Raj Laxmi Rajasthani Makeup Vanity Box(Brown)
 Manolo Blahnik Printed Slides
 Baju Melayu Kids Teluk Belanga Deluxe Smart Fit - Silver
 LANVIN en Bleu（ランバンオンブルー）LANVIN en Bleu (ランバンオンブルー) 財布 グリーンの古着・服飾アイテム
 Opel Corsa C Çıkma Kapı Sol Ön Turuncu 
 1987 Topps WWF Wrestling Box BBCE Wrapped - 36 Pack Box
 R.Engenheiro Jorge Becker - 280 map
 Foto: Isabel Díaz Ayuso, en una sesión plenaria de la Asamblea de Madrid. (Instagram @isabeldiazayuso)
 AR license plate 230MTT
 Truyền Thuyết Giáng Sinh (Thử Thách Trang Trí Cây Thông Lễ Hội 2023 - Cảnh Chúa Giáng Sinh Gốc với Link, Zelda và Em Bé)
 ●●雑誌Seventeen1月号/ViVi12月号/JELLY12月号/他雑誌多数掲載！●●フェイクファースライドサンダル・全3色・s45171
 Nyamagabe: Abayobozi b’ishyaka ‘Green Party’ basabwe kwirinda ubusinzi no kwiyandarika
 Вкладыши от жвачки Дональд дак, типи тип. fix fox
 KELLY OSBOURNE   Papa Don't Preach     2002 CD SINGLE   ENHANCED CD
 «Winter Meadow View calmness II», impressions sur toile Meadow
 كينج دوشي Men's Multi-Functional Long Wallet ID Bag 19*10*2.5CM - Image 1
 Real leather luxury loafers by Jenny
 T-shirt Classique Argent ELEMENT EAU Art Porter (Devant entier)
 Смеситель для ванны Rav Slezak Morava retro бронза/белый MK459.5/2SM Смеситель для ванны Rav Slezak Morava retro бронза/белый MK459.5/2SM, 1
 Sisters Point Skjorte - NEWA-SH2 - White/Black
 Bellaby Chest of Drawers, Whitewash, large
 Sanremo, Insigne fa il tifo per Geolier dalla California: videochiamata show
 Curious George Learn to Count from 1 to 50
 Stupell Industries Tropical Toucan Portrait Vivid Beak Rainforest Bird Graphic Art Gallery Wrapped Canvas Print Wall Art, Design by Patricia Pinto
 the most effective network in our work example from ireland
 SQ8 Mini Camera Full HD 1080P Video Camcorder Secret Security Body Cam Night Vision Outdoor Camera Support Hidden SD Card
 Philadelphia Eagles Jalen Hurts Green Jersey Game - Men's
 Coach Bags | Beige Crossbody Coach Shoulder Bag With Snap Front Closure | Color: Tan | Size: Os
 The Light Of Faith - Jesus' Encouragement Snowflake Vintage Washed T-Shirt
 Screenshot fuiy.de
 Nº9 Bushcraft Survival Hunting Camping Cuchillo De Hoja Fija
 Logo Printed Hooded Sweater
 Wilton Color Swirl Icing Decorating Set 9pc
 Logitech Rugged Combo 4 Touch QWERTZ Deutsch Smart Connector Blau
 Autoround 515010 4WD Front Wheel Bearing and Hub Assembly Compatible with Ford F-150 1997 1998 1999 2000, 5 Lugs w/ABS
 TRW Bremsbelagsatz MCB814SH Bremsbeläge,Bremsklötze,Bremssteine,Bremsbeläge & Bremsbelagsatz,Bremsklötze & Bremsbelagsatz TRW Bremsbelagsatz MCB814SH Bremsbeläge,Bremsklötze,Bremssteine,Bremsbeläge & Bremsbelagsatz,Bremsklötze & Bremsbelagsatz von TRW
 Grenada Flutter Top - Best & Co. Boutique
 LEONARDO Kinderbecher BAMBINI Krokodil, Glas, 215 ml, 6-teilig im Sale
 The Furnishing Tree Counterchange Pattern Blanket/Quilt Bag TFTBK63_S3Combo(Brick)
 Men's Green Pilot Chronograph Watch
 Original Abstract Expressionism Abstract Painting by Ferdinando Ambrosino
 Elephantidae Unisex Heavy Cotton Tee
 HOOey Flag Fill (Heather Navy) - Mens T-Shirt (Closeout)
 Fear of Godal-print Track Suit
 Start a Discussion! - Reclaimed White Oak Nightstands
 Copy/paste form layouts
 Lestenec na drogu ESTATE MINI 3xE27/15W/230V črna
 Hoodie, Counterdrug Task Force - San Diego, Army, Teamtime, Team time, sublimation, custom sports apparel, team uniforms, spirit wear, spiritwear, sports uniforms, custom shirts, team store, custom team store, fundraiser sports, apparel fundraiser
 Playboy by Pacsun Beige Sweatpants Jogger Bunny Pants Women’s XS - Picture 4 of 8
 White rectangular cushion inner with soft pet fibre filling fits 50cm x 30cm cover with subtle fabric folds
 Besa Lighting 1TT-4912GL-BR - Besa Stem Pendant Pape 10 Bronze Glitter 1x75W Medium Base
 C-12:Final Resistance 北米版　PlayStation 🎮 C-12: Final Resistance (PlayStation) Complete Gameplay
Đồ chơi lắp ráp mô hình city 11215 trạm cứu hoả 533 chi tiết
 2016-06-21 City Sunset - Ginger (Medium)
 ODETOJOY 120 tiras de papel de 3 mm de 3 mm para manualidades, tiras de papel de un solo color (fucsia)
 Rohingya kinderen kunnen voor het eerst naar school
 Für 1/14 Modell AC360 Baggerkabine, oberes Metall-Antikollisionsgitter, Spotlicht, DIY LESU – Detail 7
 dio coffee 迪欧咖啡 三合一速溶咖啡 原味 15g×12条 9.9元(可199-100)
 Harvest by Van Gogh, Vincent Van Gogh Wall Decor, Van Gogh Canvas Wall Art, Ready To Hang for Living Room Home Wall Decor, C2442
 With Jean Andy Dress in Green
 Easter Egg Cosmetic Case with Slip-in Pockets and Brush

*Aim of the task:* For the records above, state how many lines include the string "Beige", giving the number and nothing else.

*Output:* 2